Data Prep Connector setup for Data Prep¶
What are Data Prep Connectors?¶
Every Data Prep story starts and ends with Connectors. Being able to do data preparation is only valuable if you can get the data you need to prep and then can send that data where you need it after it’s been prepped. Data Prep Connectors are the tools for getting data into and out of Data Prep.
Benefits of Data Prep Connectors¶
Straightforward data access for business users¶
Accessing data on disparate systems isn’t very complicated for coders—most databases, file stores, and web services have well-developed, code-friendly interfaces that adhere to industry standards.
Data integration is hard for non-coding users¶
DataRobot has tackled this problem and has opened up as many data sources as possible to non-coding users of DataRobot Data Prep. Our goal is that a business analyst (non-coding user) can access any data in the organization they are authorized to use.
Browsing vs. Querying¶
One core aspect of enabling non-coding users is the browsing interface. Where other data prep or ETL solutions rely on SQL queries, every data source in Data Prep can be browsed and data can be imported with clicks.
Control and Governance¶
The business environment is significantly more fluid than IT infrastructure typically accommodates, but still, certain people should only have access to certain information and should only be able to send that information to certain places. The Connector framework allows large and complex organizations to ensure users can access only the information granted to them and can be configured simply for smaller organizations where speed and self-service are a priority.
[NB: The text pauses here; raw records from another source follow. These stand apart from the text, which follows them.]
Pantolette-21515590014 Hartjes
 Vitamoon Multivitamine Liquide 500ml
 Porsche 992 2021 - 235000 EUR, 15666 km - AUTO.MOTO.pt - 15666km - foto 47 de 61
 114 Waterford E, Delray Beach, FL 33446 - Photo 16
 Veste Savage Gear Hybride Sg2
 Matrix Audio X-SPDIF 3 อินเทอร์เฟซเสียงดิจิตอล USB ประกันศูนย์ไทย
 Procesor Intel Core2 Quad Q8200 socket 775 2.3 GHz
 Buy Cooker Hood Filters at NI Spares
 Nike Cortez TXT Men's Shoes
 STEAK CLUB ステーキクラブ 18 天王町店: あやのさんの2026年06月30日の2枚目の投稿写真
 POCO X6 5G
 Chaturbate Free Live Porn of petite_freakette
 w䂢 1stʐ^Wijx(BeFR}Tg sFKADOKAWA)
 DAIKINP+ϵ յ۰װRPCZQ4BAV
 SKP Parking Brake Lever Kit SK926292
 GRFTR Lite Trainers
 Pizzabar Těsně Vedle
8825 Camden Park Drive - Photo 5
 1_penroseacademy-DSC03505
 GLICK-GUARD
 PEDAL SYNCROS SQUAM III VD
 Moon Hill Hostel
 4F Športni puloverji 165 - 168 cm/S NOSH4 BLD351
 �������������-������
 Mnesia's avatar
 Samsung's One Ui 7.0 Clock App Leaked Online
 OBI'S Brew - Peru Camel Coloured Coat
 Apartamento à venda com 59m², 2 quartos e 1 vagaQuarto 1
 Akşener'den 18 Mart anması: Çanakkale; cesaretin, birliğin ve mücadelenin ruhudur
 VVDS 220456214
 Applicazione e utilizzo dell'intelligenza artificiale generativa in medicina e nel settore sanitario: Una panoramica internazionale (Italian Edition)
Setup of Data Prep Connectors¶
Three Layers of Configuration¶
When setting up a Connector, there are three hierarchical levels of configuration, from highest to lowest: “Connector,” “Data Source,” and “Session.” If a field is filled out at a higher level, it won’t need to be filled out again downstream. Some fields may be alterable at a later stage, but that varies greatly across the Connectors.
Connector configuration¶
This level is typically created and managed by an Admin or IT and it exists to:
- Make a given Connector available to specific groups of users.
- Allow an administrator to enter information that users won’t know and/or that will be the same across all users/data sources that rely on the Connector Config.
- It also allows an Admin to keep sensitive information secure from users who shouldn’t have access, e.g. an SSH Key.
Data Source configuration¶
This level is typically created and managed by either individual users or admins, depending on how access to the source system data is being managed and it exists to:
- Contain all persistent configuration not already captured at the Connector Config level.
- Typically, this includes everything except for user credentials supplied at runtime for a shared Data Source Config.
Session configuration¶
This level is almost exclusively managed by individual users or ignored if not required and it exists to:
- Capture information at runtime of import/export.
- Typically, this is limited to user credentials.
Sharing controls¶
- Connector & Data Source Configs can be shared with groups within your tenant.
- These sharing controls also allow you to specify if members of the specified groups can Read, Update, or Delete the configuration and whether the users may perform imports and/or exports with the configuration.
Example Setups¶
The following are a few examples of business situations and how the Connector Framework can be set up to accommodate the needs of each team.
Example 1:¶
Business Situation¶
IT-managed SFTP Server authenticated by “SSH Key with Passphrase” where the key and passphrase are held by IT and several teams will need access to different directories.
Setup¶
- Connector Config
- IT will create one Connector Config and fill out SFTP Host & Port, SSH Key & Passphrase.
- Sharing: None
- Data Source Config
- Create a new Data Source for each team, specify the appropriate Root Directory.
- Sharing: Share each fully-configured Data Source as Read-only with the corresponding team and allow imports & exports if appropriate.
- Session Config
- N/A
Benefits of this approach¶
- If the credentials change, they only need to be managed in one place.
- IT can manage credentials and keep them private from users.
- Each team has the access they need without having to manage access control on the data source itself.
Example 2¶
Business Situation¶
Admin managed Salesforce Org where each user should access only the information they have permissions for in Salesforce and each user will need to run automation jobs within Data Prep.
Setup¶
- Connector Config
- The Salesforce Admin will create one Connector Config and fill out all relevant information except for User & Password.
- Sharing: Share this Config with each relevant group as Read-only.
- Data Source Config
- Each user should create their own Data Source config and fill out just their credentials so their setup persists and can be used in automation jobs.
- Sharing: None
- Session Config
- N/A
Benefits of this approach¶
- Admin level setup is completed by the admin and each user must only enter their username and password, the information they should have readily available.
- Each user’s authorization is managed in Salesforce.